George Will has taken a
lot of flak, and rightly so, for his comments on June 6 in the Washington Post
criticizing the victims of collegiate date rape as glorifying victimhood and
“being a survivor”; in effect, he labels them as whiners wallowing in the
privileges of a rapidly shifting and nuanced moral scene on college campuses
these days. He seems to equate the
problem with the misbehavior of children, best policed by the stern parenting
of the college itself - by the way, has anyone seen “in loco parentis” around
lately? I haven’t in years - and such campus shenanigans as beyond the interest
of the law. An excellent analysis of
Will’s core argument was done by Alyssa Rosenberg on June 11 in the Post, and
many other opinion pieces on the subject are busily unraveling the many other
weaknesses in Will’s argument. But the
fact is that Will’s argument is perfectly consistent with his general
libertarian principles. He’s applying
the same kind of logic to date rape as he would apply to the activities of
Goldman Sachs, and in the process laying bare a fundamental social issue.
I’ve commented before
that American Libertarianism is based mainly on a misty-eyed memory of a past
that never existed, where solitary heroic figures struggled with gun and plow
against nature, hostile Indians and outlaws.

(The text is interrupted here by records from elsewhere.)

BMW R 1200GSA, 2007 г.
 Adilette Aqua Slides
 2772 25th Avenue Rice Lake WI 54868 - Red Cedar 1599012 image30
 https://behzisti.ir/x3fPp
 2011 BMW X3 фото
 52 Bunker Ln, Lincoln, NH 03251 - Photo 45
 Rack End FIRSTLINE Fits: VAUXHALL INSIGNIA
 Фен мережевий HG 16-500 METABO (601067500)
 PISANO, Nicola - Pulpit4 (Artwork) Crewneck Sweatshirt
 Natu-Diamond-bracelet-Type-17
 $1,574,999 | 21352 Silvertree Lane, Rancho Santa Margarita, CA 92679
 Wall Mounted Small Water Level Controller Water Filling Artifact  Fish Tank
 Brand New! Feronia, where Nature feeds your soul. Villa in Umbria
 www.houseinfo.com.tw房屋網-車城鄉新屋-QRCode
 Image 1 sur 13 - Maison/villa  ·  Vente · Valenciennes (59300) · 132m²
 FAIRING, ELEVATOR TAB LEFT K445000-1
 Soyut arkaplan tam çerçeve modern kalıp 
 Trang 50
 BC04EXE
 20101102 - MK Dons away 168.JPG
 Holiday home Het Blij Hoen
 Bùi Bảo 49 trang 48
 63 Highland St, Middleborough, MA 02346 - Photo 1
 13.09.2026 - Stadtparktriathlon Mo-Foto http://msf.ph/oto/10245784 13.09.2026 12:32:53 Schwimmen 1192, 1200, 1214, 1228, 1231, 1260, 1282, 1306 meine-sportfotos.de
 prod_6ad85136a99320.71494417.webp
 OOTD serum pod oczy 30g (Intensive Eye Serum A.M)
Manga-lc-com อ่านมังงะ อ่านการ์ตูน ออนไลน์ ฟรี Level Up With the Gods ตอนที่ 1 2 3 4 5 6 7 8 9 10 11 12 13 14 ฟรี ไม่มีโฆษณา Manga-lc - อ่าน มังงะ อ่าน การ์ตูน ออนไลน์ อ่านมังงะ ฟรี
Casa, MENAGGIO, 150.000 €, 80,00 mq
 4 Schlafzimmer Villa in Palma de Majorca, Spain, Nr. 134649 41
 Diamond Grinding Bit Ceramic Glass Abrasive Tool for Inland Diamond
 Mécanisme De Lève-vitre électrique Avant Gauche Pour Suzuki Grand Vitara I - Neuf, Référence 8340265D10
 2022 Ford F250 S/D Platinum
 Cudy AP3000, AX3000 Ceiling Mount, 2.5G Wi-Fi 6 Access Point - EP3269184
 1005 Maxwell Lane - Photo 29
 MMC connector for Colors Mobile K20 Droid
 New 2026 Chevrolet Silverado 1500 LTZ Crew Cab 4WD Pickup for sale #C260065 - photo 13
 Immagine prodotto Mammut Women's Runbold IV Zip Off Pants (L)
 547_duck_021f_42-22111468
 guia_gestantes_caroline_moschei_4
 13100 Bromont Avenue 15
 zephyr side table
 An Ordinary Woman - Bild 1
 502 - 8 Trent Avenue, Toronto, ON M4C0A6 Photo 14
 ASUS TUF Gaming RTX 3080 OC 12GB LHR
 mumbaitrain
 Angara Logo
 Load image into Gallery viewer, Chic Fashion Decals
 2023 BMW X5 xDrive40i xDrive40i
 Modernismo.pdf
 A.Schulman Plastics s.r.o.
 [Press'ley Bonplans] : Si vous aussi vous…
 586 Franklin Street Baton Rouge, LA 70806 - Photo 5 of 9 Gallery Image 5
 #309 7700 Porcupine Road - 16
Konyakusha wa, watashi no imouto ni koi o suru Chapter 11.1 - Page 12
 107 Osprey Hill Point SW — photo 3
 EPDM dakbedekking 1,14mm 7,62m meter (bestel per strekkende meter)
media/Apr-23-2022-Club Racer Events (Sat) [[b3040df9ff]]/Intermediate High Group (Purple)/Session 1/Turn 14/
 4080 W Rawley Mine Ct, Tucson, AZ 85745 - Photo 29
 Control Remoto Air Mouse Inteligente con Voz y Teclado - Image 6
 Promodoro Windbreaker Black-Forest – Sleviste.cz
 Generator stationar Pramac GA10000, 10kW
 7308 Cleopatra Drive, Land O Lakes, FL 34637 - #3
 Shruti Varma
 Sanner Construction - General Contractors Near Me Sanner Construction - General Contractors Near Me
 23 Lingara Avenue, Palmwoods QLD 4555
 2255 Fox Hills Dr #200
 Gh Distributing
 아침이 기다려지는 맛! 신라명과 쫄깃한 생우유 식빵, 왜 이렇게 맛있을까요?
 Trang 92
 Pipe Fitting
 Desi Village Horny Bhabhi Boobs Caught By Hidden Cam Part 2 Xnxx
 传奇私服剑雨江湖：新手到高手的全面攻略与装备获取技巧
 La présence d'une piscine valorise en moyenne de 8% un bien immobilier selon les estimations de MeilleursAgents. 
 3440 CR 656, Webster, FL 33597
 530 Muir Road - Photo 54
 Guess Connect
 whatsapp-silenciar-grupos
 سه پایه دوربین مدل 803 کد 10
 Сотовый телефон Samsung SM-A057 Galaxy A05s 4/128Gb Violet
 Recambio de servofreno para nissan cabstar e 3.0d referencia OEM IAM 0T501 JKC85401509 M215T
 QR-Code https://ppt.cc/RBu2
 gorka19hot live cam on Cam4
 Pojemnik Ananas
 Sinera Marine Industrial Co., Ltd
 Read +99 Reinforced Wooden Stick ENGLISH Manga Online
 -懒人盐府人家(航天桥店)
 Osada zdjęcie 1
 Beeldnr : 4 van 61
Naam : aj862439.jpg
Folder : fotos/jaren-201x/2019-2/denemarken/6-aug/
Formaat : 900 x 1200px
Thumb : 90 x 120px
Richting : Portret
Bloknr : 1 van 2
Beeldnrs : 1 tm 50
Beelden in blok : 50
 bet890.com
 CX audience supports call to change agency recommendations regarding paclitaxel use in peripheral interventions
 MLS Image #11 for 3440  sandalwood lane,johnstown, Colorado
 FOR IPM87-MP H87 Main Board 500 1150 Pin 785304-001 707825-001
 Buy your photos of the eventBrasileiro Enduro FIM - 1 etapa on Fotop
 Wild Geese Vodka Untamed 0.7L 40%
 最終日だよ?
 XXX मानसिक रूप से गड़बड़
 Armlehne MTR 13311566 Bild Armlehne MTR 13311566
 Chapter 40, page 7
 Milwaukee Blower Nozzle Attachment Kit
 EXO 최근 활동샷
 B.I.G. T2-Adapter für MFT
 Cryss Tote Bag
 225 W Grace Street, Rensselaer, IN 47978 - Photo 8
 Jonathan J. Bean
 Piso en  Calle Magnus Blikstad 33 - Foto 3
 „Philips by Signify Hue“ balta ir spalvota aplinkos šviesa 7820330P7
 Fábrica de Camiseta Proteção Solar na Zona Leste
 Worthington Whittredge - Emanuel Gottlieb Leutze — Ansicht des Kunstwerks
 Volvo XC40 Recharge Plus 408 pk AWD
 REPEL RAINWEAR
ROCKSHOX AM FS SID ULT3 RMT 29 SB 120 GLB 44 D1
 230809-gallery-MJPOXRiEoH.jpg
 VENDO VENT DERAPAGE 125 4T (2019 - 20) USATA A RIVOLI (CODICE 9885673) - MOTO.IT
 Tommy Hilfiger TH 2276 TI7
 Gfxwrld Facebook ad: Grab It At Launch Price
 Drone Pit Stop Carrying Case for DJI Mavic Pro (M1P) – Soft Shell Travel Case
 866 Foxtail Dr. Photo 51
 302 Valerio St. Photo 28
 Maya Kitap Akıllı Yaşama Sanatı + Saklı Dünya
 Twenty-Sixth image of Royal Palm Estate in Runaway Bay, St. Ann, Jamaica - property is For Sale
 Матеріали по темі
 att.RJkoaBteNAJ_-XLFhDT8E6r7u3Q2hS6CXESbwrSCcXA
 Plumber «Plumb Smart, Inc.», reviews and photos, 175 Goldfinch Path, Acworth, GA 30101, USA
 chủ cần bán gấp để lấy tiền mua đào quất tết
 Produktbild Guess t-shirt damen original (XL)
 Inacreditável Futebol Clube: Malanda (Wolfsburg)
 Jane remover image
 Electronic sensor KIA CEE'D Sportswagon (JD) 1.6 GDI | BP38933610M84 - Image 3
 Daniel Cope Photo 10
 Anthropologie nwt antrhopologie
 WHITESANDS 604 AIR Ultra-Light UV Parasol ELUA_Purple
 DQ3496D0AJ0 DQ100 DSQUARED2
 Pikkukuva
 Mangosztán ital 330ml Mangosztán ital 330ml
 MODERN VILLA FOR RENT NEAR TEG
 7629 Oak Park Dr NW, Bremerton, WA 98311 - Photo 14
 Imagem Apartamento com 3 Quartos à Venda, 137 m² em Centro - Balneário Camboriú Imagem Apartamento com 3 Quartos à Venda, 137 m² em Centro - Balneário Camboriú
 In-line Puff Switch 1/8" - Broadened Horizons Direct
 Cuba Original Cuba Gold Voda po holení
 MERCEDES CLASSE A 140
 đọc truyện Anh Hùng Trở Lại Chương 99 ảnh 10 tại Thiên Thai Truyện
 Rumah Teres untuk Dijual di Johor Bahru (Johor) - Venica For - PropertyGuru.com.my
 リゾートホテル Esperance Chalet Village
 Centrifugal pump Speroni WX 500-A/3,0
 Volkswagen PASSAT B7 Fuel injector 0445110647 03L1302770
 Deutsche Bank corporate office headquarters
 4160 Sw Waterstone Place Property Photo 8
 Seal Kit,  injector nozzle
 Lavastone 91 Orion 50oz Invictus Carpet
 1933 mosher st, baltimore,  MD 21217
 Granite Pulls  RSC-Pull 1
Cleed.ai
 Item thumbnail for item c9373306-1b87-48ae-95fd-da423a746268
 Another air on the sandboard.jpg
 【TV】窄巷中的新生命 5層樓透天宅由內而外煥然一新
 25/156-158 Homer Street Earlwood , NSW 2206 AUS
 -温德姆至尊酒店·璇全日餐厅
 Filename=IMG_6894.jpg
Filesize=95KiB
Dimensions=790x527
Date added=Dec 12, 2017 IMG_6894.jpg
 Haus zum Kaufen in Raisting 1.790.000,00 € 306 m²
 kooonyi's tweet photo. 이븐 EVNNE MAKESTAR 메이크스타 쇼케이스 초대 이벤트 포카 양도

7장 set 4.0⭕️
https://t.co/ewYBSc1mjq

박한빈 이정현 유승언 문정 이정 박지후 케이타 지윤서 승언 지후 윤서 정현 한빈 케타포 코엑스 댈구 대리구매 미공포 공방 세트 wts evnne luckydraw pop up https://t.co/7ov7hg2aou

Hobbes was referencing the early American frontier when he described
life outside civilization as “short, mean and nasty” and that’s how the
frontier was perceived from England. In
real life pioneers travelled, lived and struggled together in groups. The town names of places like Syracuse New
York, Rome Georgia and Athens Texas show that thoughts of civilization were
never very far away. My great-great-great
grandfather, who migrated from Virginia to Georgia to Alabama, with mostly the
same neighbors in each place, lived to 77 – a good age even by today’s
standards. I have a diary of the trip my
family made along with a dozen others by wagon train from Alabama to Texas in
1868. Pioneering was a community
venture. Our volunteer fire departments
are a truer heritage from our pioneering forebears than Marlborough Man. Libertarians who think they did it all
themselves and owe nothing to others discredit both their neighbors and their
ancestors.
Deeper down,
libertarianism as practiced by some is Cain’s rejoinder to God, “Am I my
brother’s keeper?” It is a trained lack
of empathy with the needs of others, self- justified by the excuse that you
shouldn’t interfere with the lives of others and they shouldn’t interfere with
yours. Their problems are their own
business and you shouldn’t intrude. Sometimes,
it is mere moral laziness. But, like Cain’s response, it is often a cover-up
for having done harm to others that you are ashamed to admit. You have used force of some kind, whether
financial, legal or physical, in a way that you know is morally
irresponsible. And to excuse yourself and be consistent you
have to excuse others for doing the same thing, and excuse the enabling things
like laws stacked against the poor that allow it to happen. Letting that predation go unanswered simply
spreads the problem throughout the entire community.
That is what makes it a
social issue. We today have the same kinds
of dangers as did our pioneering ancestors.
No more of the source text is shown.